[[ Material for this exercise open ]]

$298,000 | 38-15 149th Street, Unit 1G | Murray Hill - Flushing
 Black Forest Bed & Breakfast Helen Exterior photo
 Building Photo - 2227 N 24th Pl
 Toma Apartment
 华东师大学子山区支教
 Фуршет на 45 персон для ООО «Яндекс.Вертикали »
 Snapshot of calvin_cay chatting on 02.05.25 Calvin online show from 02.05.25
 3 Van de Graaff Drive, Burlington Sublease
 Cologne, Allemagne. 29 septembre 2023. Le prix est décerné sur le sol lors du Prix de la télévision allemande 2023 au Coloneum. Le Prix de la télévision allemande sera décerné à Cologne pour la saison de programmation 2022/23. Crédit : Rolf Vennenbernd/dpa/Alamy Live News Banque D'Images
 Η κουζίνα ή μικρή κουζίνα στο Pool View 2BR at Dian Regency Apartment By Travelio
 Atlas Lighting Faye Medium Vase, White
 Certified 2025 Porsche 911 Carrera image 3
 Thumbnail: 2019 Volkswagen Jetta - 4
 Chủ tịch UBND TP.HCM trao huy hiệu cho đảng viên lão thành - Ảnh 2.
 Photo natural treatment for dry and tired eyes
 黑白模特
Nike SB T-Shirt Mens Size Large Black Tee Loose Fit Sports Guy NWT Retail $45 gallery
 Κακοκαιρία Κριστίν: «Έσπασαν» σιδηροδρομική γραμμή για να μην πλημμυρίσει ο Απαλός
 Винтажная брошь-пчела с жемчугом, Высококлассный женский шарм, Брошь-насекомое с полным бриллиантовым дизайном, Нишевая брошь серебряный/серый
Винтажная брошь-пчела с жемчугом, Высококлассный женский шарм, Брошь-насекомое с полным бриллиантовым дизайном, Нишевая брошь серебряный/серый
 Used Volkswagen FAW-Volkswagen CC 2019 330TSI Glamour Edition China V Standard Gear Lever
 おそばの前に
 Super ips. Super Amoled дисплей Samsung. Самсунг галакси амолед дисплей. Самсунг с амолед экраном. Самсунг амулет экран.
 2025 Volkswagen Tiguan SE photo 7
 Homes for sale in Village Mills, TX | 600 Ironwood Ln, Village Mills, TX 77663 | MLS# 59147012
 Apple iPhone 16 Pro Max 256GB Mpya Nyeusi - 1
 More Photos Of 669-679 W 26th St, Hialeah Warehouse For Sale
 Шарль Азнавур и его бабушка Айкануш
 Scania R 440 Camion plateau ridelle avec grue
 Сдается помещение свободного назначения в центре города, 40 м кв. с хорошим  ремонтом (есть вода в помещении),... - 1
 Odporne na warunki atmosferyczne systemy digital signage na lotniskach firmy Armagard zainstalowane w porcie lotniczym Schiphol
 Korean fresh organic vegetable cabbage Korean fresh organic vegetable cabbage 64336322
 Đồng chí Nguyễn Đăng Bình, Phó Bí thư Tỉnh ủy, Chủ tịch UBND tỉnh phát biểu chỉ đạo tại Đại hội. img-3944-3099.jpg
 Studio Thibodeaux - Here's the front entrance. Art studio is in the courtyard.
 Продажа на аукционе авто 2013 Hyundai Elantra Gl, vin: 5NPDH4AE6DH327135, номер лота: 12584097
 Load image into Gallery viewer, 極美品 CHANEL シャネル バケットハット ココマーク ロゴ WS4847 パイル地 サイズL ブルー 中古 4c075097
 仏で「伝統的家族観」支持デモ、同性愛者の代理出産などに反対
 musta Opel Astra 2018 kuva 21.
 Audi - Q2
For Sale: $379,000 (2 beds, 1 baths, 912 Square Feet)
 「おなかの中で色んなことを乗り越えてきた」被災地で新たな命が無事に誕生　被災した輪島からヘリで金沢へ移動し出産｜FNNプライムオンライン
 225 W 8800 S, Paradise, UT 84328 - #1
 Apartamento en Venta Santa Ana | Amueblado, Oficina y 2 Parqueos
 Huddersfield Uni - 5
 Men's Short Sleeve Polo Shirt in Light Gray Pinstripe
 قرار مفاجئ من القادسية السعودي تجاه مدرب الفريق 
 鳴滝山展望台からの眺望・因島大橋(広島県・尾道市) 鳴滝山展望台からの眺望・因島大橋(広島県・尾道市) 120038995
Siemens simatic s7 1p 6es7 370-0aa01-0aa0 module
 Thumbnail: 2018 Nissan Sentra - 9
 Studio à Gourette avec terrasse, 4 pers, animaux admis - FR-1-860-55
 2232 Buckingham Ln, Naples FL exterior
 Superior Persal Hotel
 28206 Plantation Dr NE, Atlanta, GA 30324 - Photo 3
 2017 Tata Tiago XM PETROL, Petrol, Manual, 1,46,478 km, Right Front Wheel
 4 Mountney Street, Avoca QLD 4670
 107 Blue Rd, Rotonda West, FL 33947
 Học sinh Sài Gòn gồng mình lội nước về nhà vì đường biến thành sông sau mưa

[[ Material for this exercise closed ]]

*Exercise directions*
Print only what lies in the material above starting at the line with "πλημμυρίσει ο Απαλός" and ending at the line with "Korean fresh organic vegetable cabbage Korean", every line exactly as given.

*Result of the exercise*
 Κακοκαιρία Κριστίν: «Έσπασαν» σιδηροδρομική γραμμή για να μην πλημμυρίσει ο Απαλός
 Винтажная брошь-пчела с жемчугом, Высококлассный женский шарм, Брошь-насекомое с полным бриллиантовым дизайном, Нишевая брошь серебряный/серый
Винтажная брошь-пчела с жемчугом, Высококлассный женский шарм, Брошь-насекомое с полным бриллиантовым дизайном, Нишевая брошь серебряный/серый
 Used Volkswagen FAW-Volkswagen CC 2019 330TSI Glamour Edition China V Standard Gear Lever
 おそばの前に
 Super ips. Super Amoled дисплей Samsung. Самсунг галакси амолед дисплей. Самсунг с амолед экраном. Самсунг амулет экран.
 2025 Volkswagen Tiguan SE photo 7
 Homes for sale in Village Mills, TX | 600 Ironwood Ln, Village Mills, TX 77663 | MLS# 59147012
 Apple iPhone 16 Pro Max 256GB Mpya Nyeusi - 1
 More Photos Of 669-679 W 26th St, Hialeah Warehouse For Sale
 Шарль Азнавур и его бабушка Айкануш
 Scania R 440 Camion plateau ridelle avec grue
 Сдается помещение свободного назначения в центре города, 40 м кв. с хорошим  ремонтом (есть вода в помещении),... - 1
 Odporne na warunki atmosferyczne systemy digital signage na lotniskach firmy Armagard zainstalowane w porcie lotniczym Schiphol
 Korean fresh organic vegetable cabbage Korean fresh organic vegetable cabbage 64336322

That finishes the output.